Sneakers, polo shirts and jeans combined with outdoor vests are not uncommon in the towers. A large direct bank based in the Main metropolis even once advertised for qualified young talent with the slogan "You can wear anything with us".
Now the financial world includes not only banks, but also insurance companies, and the latter maintain a fine distinction. Banks built upwards and insurance companies built outwards. That's true. A well-known German reinsurer has tunnelled under half a district in Munich. And the cultural change in clothing has not progressed that far in the insurance industry either.

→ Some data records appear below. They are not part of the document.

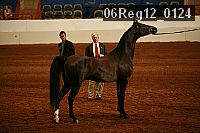 06reg12_0124 proof
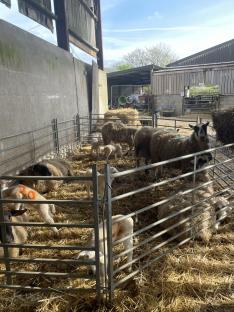 Sheep and lambs in a pen at a farm.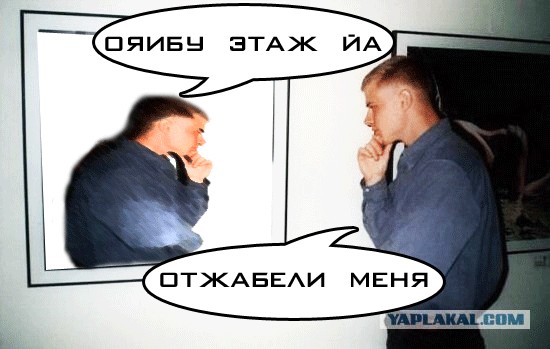 Фотожаба: Молодой ценитель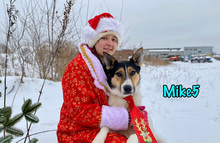MIKE5, Hund, Mischlingshund in Russische Föderation - Bild 8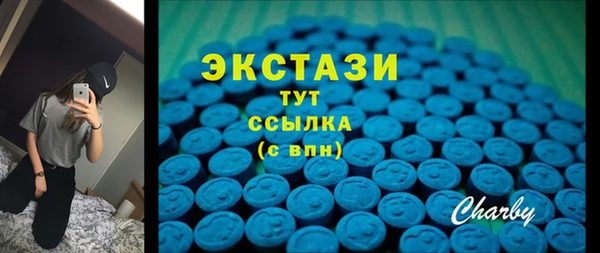 мет Алексин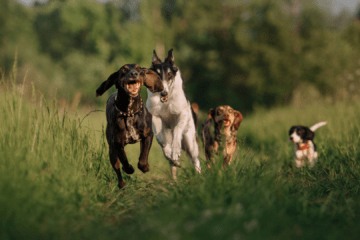 quatre jeunes chiens courent ensemble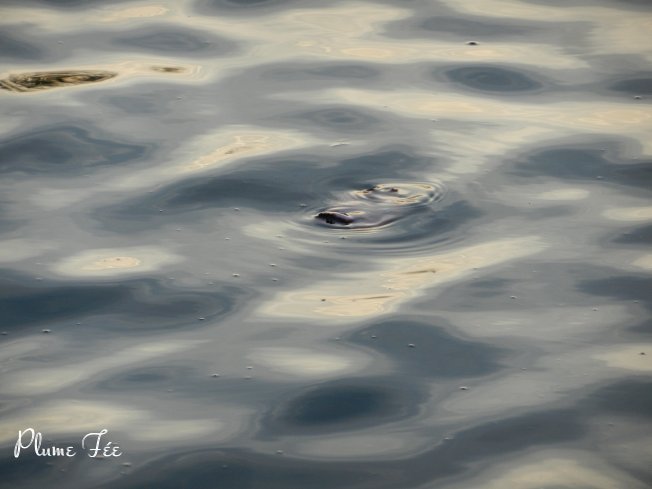 Image026.jpg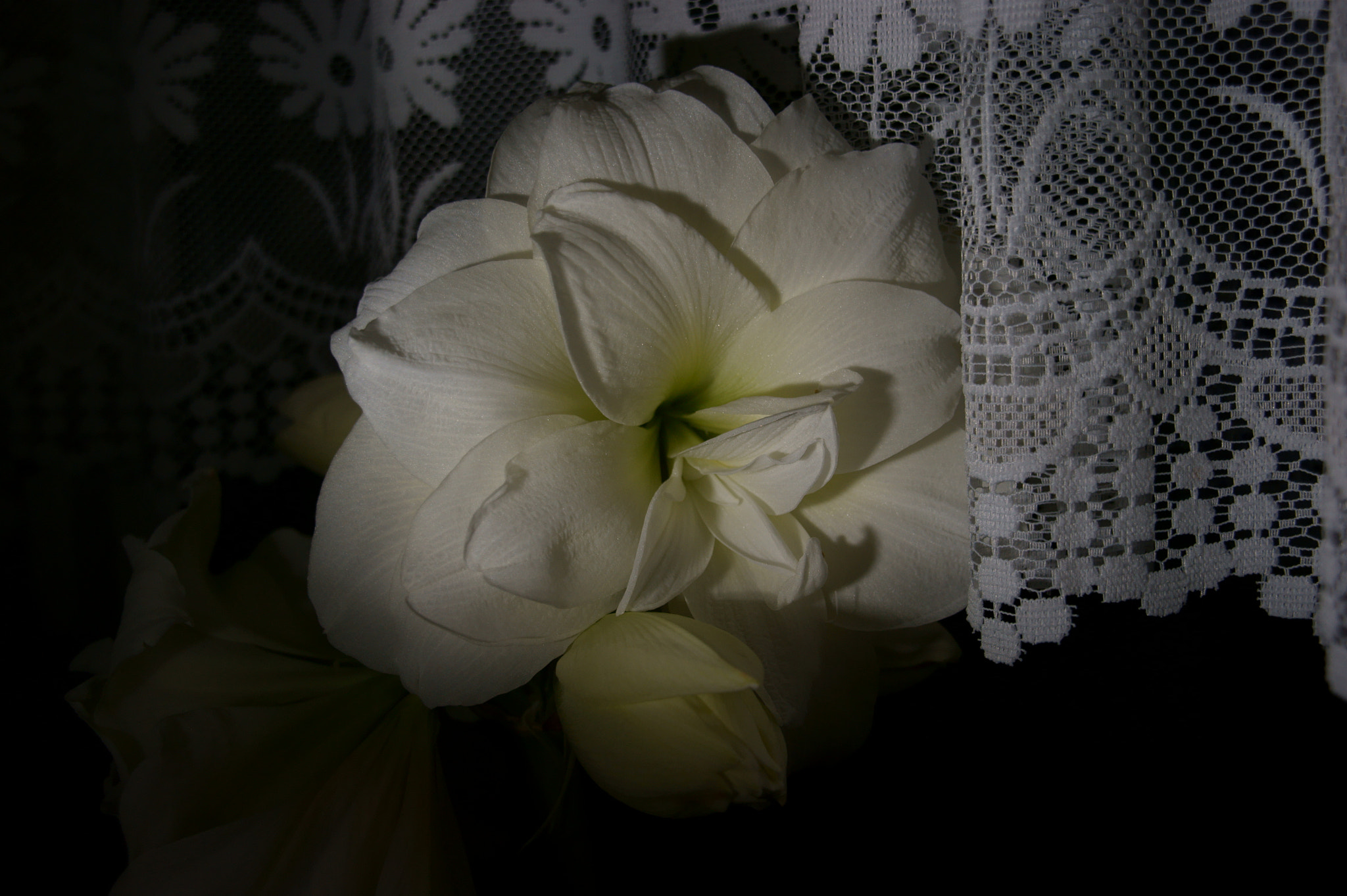 Sony Alpha DSLR-A350 + Sigma DC 18-125mm F4-5,6 D sample photo. White amaryllis photography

You could say that the transformation is in full swing, and like every change, it brings with it problems. The New Year's reception of the Rhein-Main Insurance Club at the beginning of the month at the Frankfurt Stock Exchange made this clear. When the speakers took to the podium at around 10 a.m. after a champagne reception at 9.30 a.m., one of them expressed his uncertainty. "Tie or no tie. If there were a regulation on this, I would have saved myself 15 minutes in the wardrobe this morning," he told the guests present. Everyone who took to the podium did so with a tie. Among the guests, however, there was a roughly equal number of tie-wearers and tie-less ones.
However, there were few women in the room, and their share of participants was only in the high single-digit percentage range. This is also a sign that the insurance industry still has a long way to go. And there are more important issues than the question: tie or not?